Exercise brief - Exact copies of the lines below, from the one with "We also have" up to and including the one with "So the assumption", are what this calls for; leave out pictures.

Information shown -

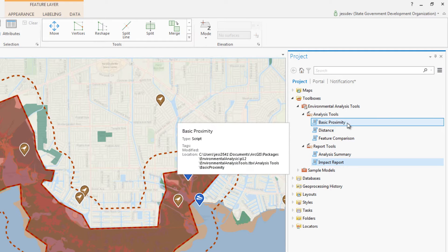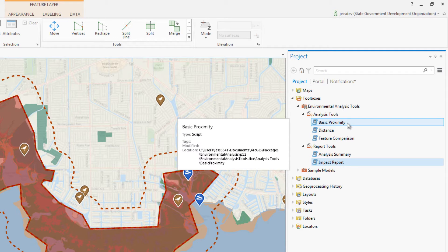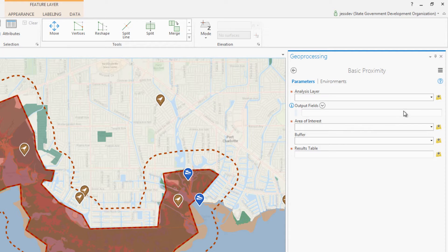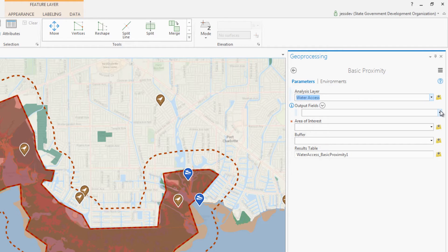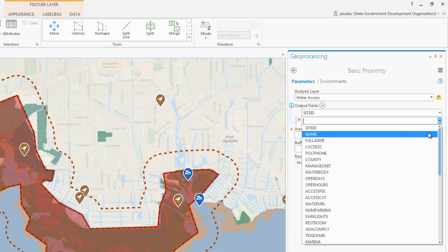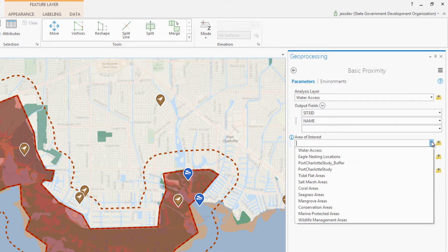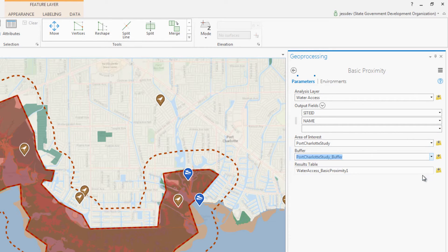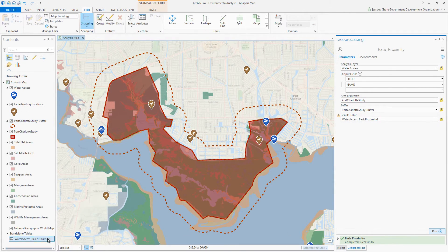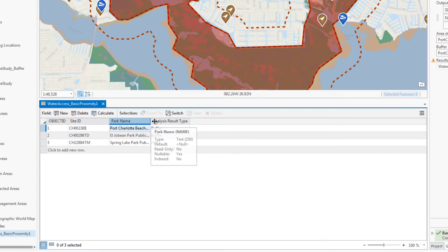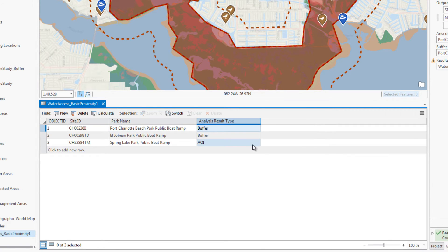The analysis tools help us answer focused questions regarding the proximity of the study location to our layers of interest. The Basic Proximity tool reports what is in or near my study location. After selecting the layer I want to analyze and which attribute information I'd like to include in the result, I can choose my area of interest and buffer zone before running the tool. The result tells me whether the water access locations are inside my area of interest or within the buffer zone.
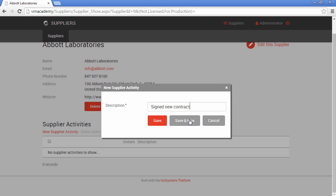We also have the pattern to save and add a new record. This will keep the pop-up open. So let's try that one. Sign new contract.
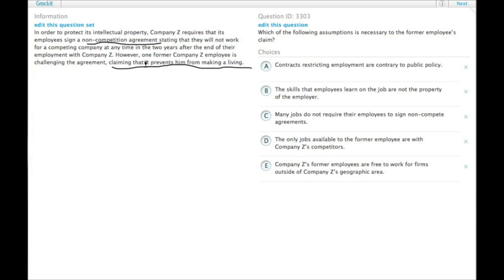So the assumption there is that this is really the case, that he actually can't make a living, he can't get a job, if he's not allowed to work for a competing company.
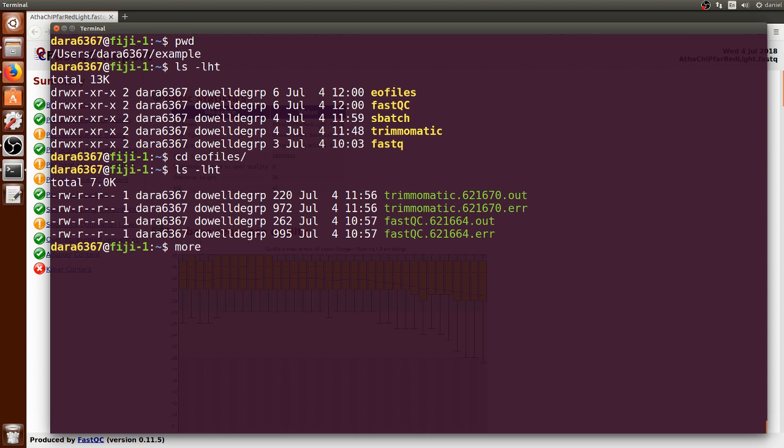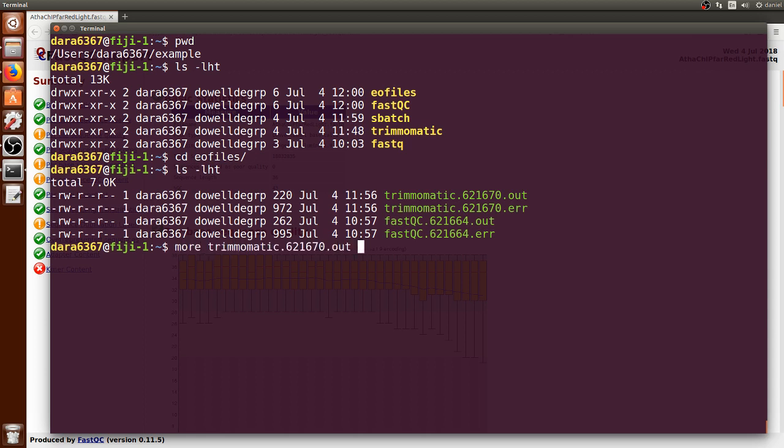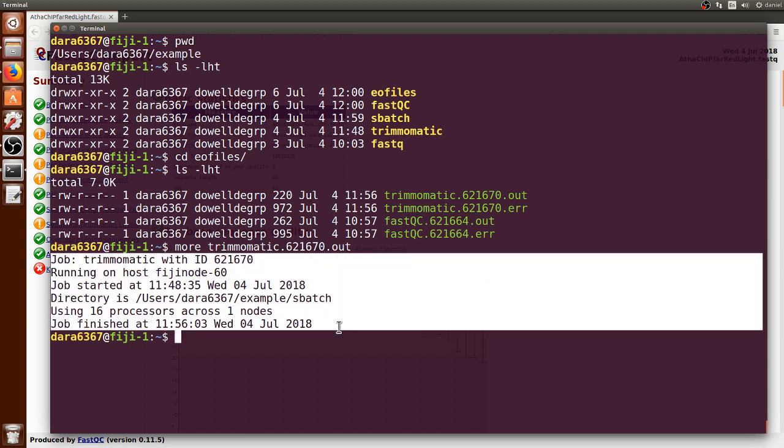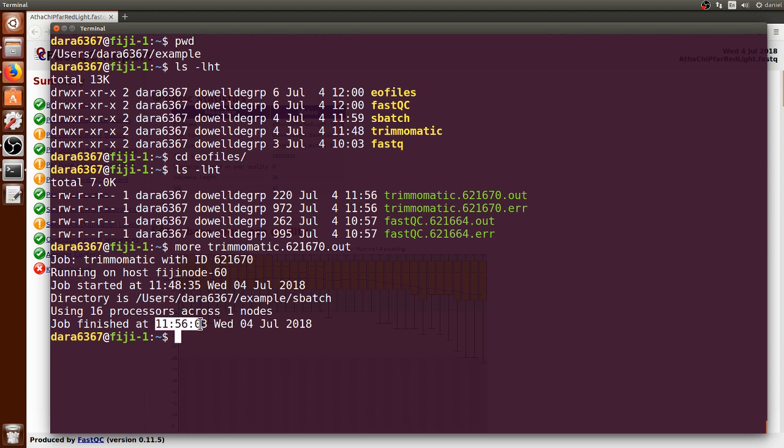We list its contents and we can see that there are two new Trimmomatic output files. We can explore them through the command more, autocomplete, and the output. Here it shows the context of the job that we asked the sbatch file to store the information. We see that the job started at this time and finished at this time, so it took around eight minutes to run.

Result of this task -
We also have the pattern to save and add a new record. This will keep the pop-up open. So let's try that one. Sign new contract.
So the assumption there is that this is really the case, that he actually can't make a living, he can't get a job, if he's not allowed to work for a competing company.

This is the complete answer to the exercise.